Moses may have been in the dark, but his face was shining. Way back in those gossamer pages of the family Bible, and, of course, way beyond them, too. Like an interstellar headlight from the ancient world. His face shone so intensely that he had to cover it with a veil, for him or for them or for God, who knows? The Hebrew word like so many other Hebrew words for so many other things could have also meant “horn,” but shine sounds better than horn. I like to think of them as horns or shafts of light. Marc Chagall thought the horns painted well and he painted them over and over again in his Story of Exodus series.
Chagall travelled from Russia to Palestine when he was commissioned to paint the Old Testament. Though he had hoped to see the Bible there, he instead said that he dreamed it. I love his perspective, he once said, “Since childhood the Bible has fascinated me. I have always thought of it as the greatest source of poetry of all time. I have continued to seek out its reflection in life and in art. The Bible is like a musical vibration of nature, and I have tried to communicate that secret” (The Biblical Message of Marc Chagall, p. 15).
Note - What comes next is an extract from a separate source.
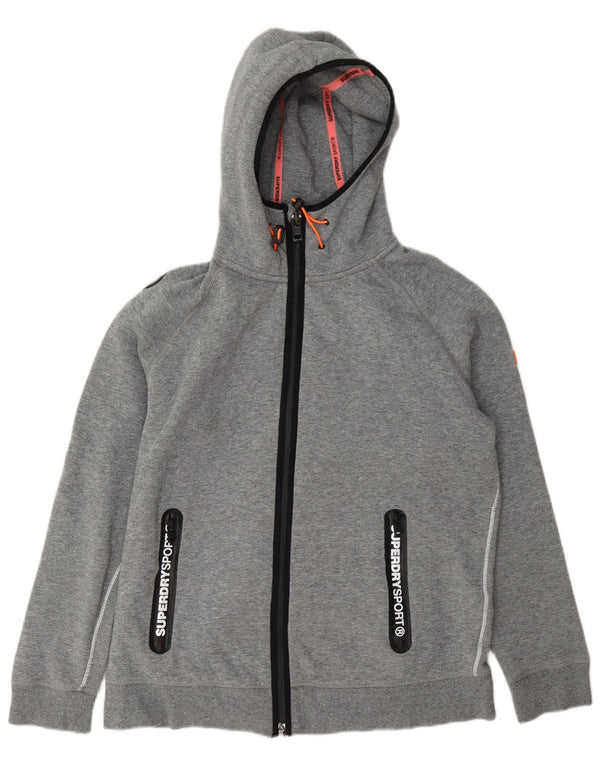 Superdry hættetrøje til kvinder med grafisk lynlås UK 18 XL Grå bomuld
The Bible as reflection, as musical vibration and as secret revealed. These images drive me to go deeper into the stories of text, I find myself there in those gossamer pages, in that ancient living word, far beyond the cultural constraints of manipulative interpretation. It is there that I can dream a world of compassion, of justice and truth, it is there where I can meet God and gain the courage to lift the veil of this heavy, human existence. It is there where commandments are transformed into covenant and believers are transfigured into love.
I quote a line often in my sermons from a Killer’s song called, “Read My Mind,” the line is, “I don’t shine if you don’t shine.” What if we really approached life this way, encouraging one another to embrace the light within, the gifts within and helping one another develop those gifts in order to truly shine?
Like so many artists throughout history, it is that musical vibration, that great poetry of the text that motivates me to create. I find it to be gracious space with a language all its own that transforms me, inviting me to shine as I extend that same invitation to others.